So ... saying that someone plays silat is as devoid of meaning as saying that someone does kung-fu or someone does quan. To a chinese, a masterful Kali player has kung-fu, and we view Kali as a form of silat too. Saying that Dan Inosanto does silat leaves me non the wiser. Saying that he includes elements of kali narrows it down a little for me.
In the final analysis I think that silat is the cultural container that unifies martial arts that have become acculturated, the many styles become 'owned' by the culture of place. Seen this way, any art that is good enough and popular enough will merge into the culture given enough time ... but still it would be 'unforgivable' to mistake Mustika Kwitang for Setia Hati or with Kera Sakti.
The culture of silat, with it's plethora of styles will survive not being populerised in the West.
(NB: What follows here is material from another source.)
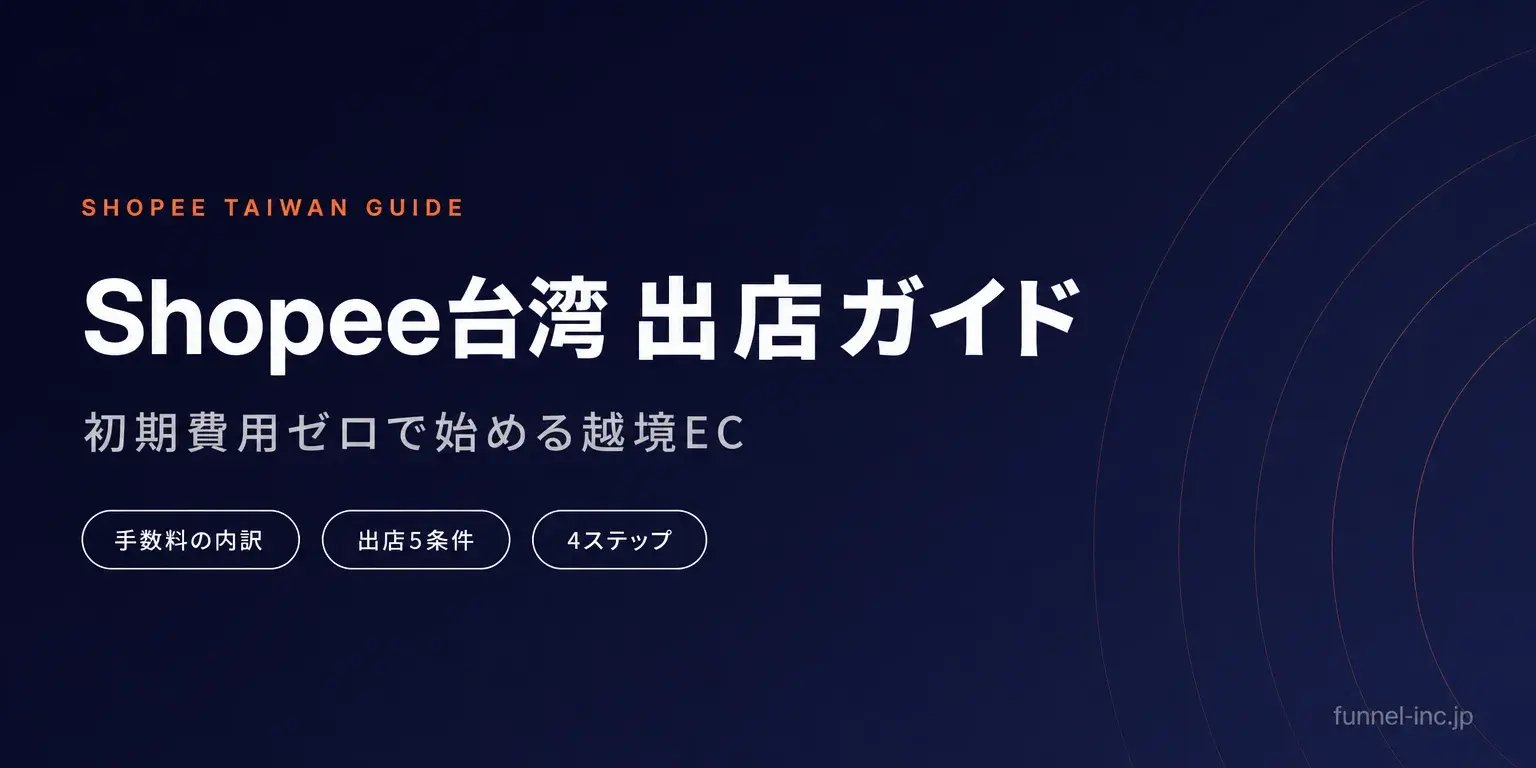 Shopee台湾出店ガイド｜手数料・越境ECの始め方と必要な準備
Certainly I don't mind one way or the other. It will survive as it has for centuries, mainly within the environments of close knit families ... and it will even absorb aspects of Western culture ... my children are all part caucasian and an amalgamation of east and west. They inherit my silat and will most likely marry and produce off-spring in their country of birth ... Australia!
A few generations from now I can just imagine my 'western' progeny pointing to a photo of me and saying 'who is that funny looking brown man mum, is that great grandpa?'. Of course, they will all be well versed in the way of Silat Kembang Alas too! ;o)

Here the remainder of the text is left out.